(Web page caption snippets)
○ ○ ○ ○

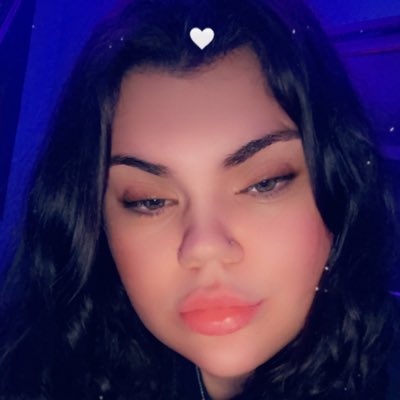 pinkskiesemily's tweet photo. #NewProfilePic https://t.co/mm4RGLALgx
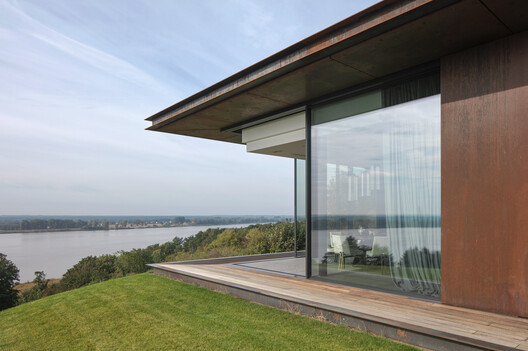 Casa na Encosta / 77 Studio architecture - Imagem 20 de 30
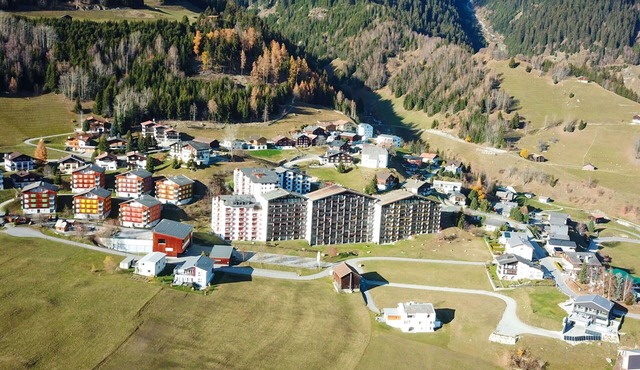 Cosy apartment for 6 people with WIFI, pool, TV, balcony and panoramic view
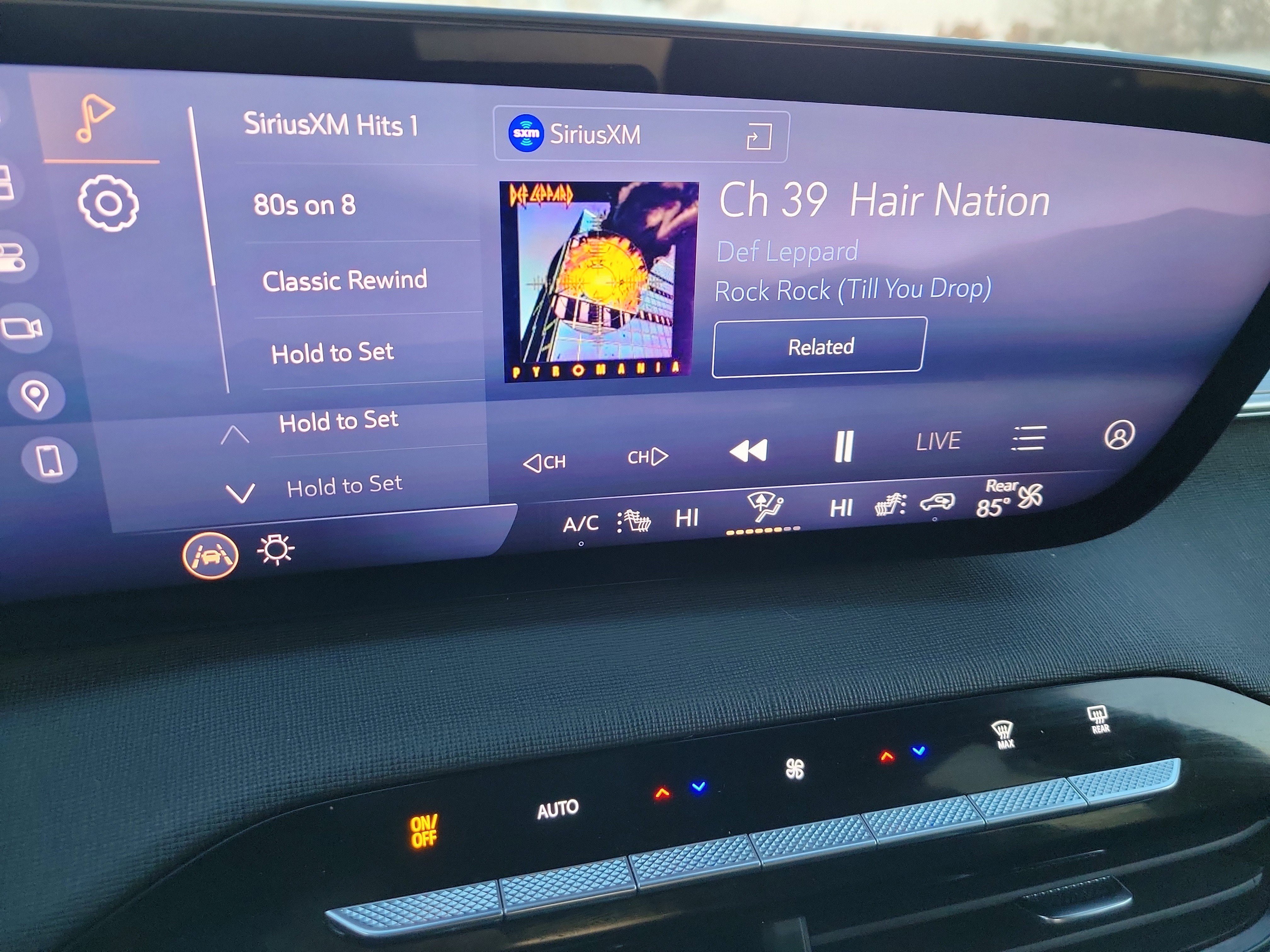 Certified 2025 Buick Enclave Preferred image 26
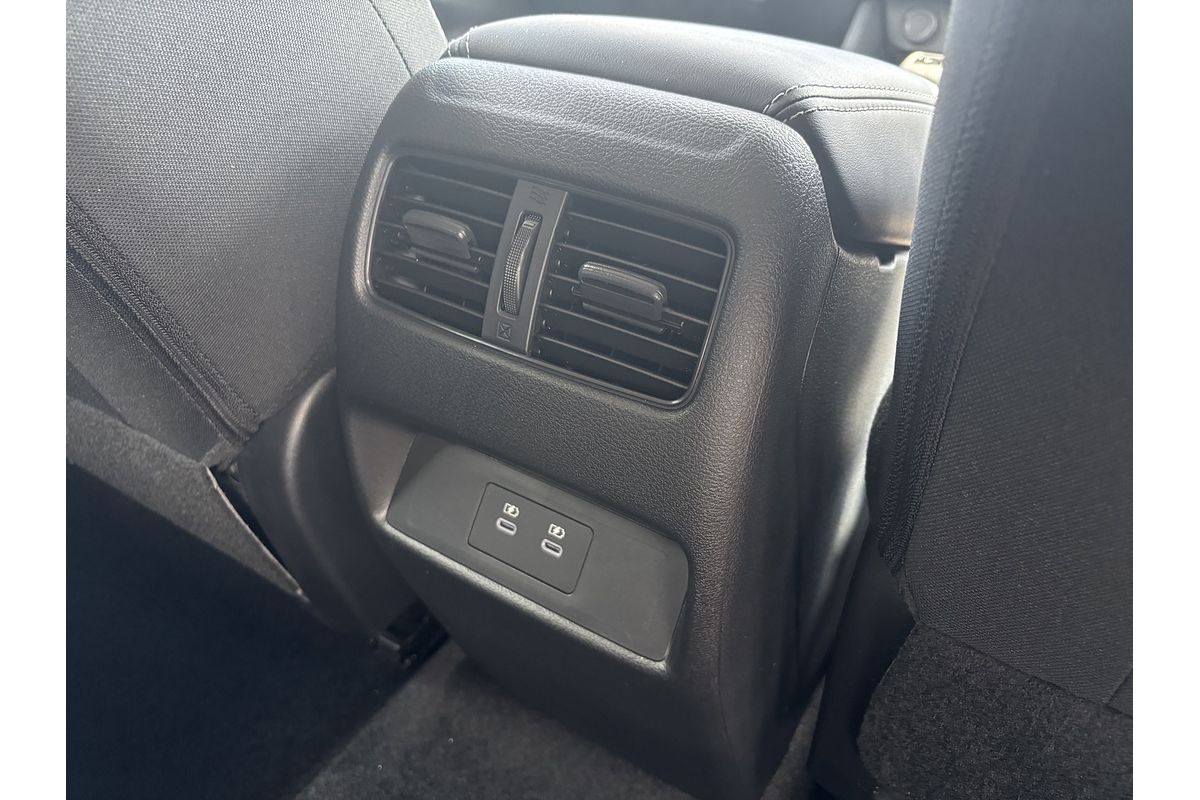 2025 Nissan QASHQAI ST-L J12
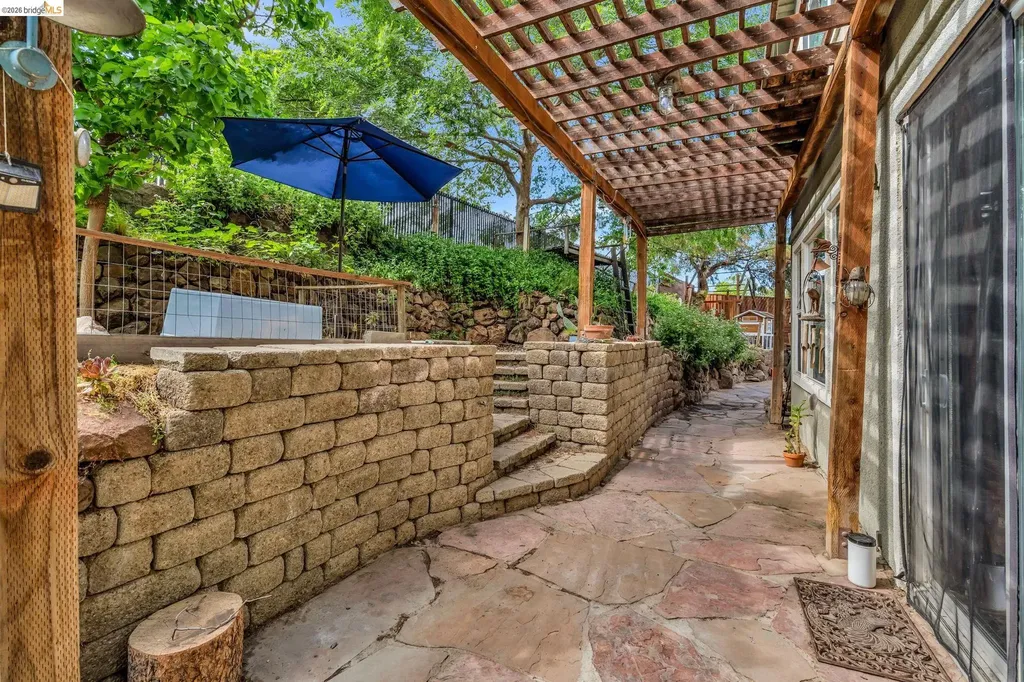 10 Kali Court Oakley CA 94561
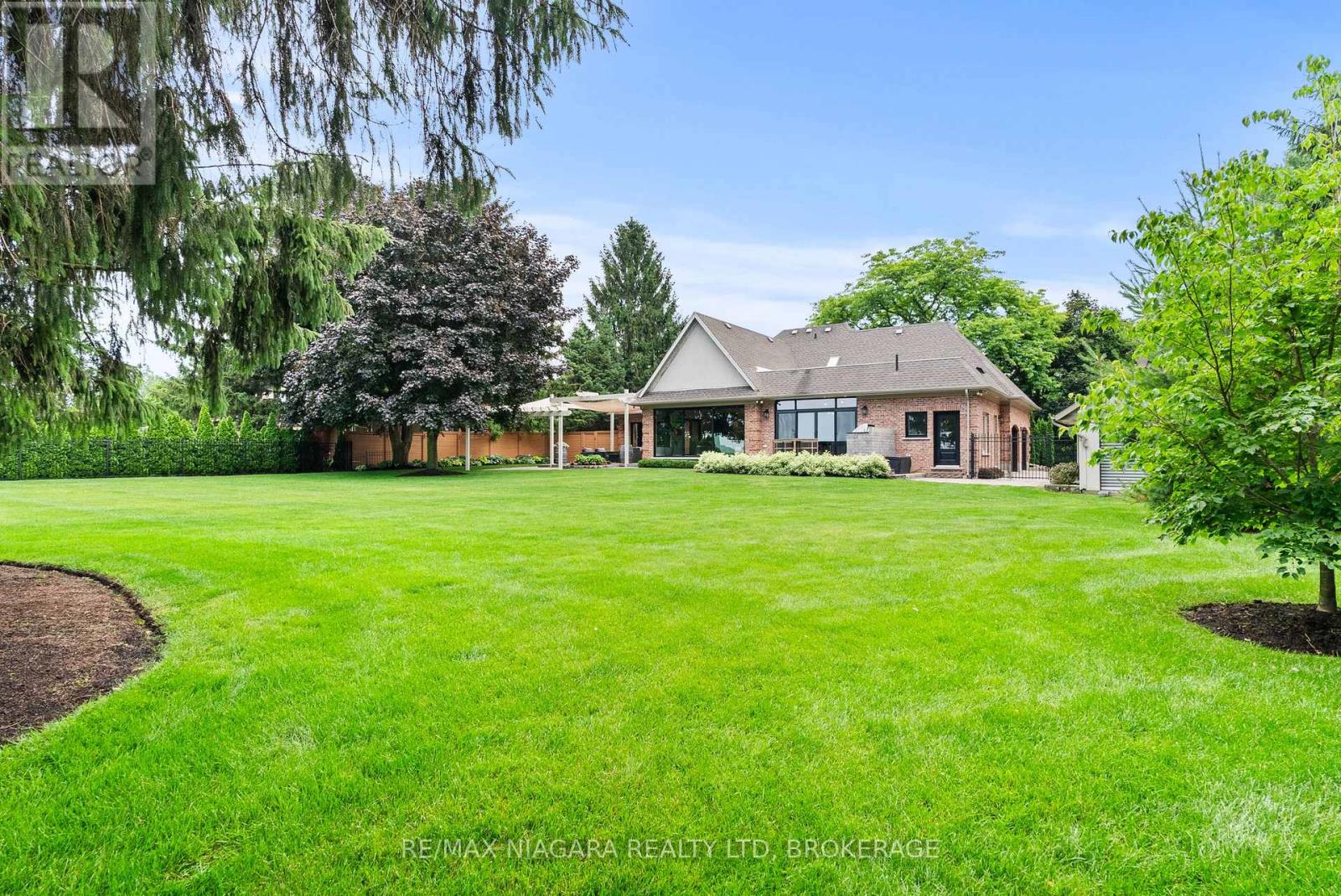 14690 Niagara Parkway, Niagara-On-The-Lake, Ontario  L0S 1J0 - Photo 44 - X13529778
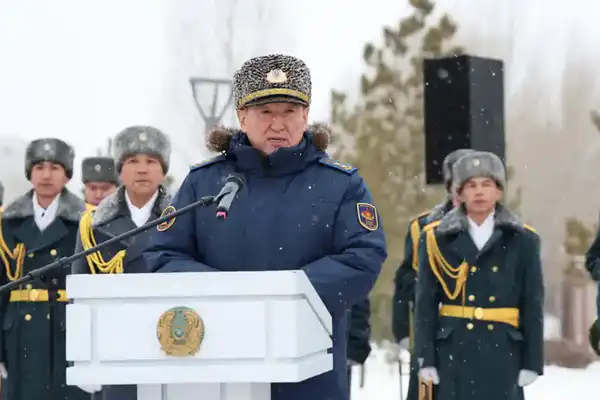 В Вооруженных силах почтили память Героя Советского Союза Бауыржана Момышулы (7)
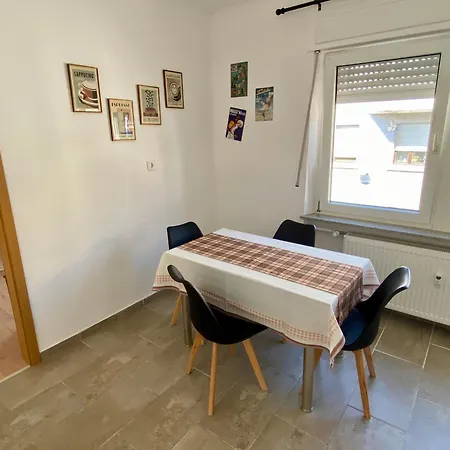 Ernzerhof דירה אידר-אוברשטיין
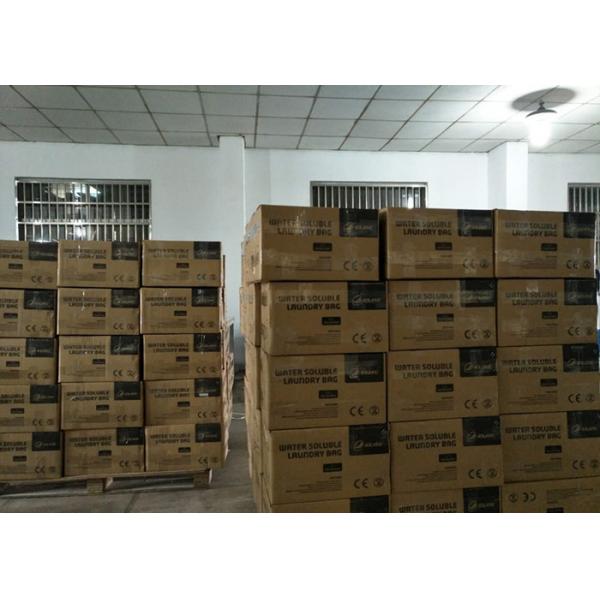 Sacs à linge solubles dans l'eau - 25 pièces par rouleau, 8 rouleaux par boîtier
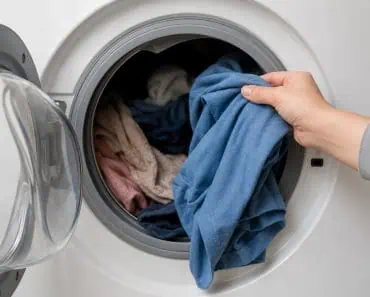 De ce miros urât hainele după spălare. Regula de 30 de minute care te scapă de această problemă De ce miros urât hainele după spălare. Regula de 30 de minute care te scapă de această problemă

○ ○ ○ ○

Exercise instructions:
Give back the entries above exactly as they stand. Leave the images out.

Answer space:
 pinkskiesemily's tweet photo. #NewProfilePic https://t.co/mm4RGLALgx
 Casa na Encosta / 77 Studio architecture - Imagem 20 de 30
 Cosy apartment for 6 people with WIFI, pool, TV, balcony and panoramic view
 Certified 2025 Buick Enclave Preferred image 26
 2025 Nissan QASHQAI ST-L J12
 10 Kali Court Oakley CA 94561
 14690 Niagara Parkway, Niagara-On-The-Lake, Ontario  L0S 1J0 - Photo 44 - X13529778
 В Вооруженных силах почтили память Героя Советского Союза Бауыржана Момышулы (7)
 Ernzerhof דירה אידר-אוברשטיין
 Sacs à linge solubles dans l'eau - 25 pièces par rouleau, 8 rouleaux par boîtier
 De ce miros urât hainele după spălare. Regula de 30 de minute care te scapă de această problemă De ce miros urât hainele după spălare. Regula de 30 de minute care te scapă de această problemă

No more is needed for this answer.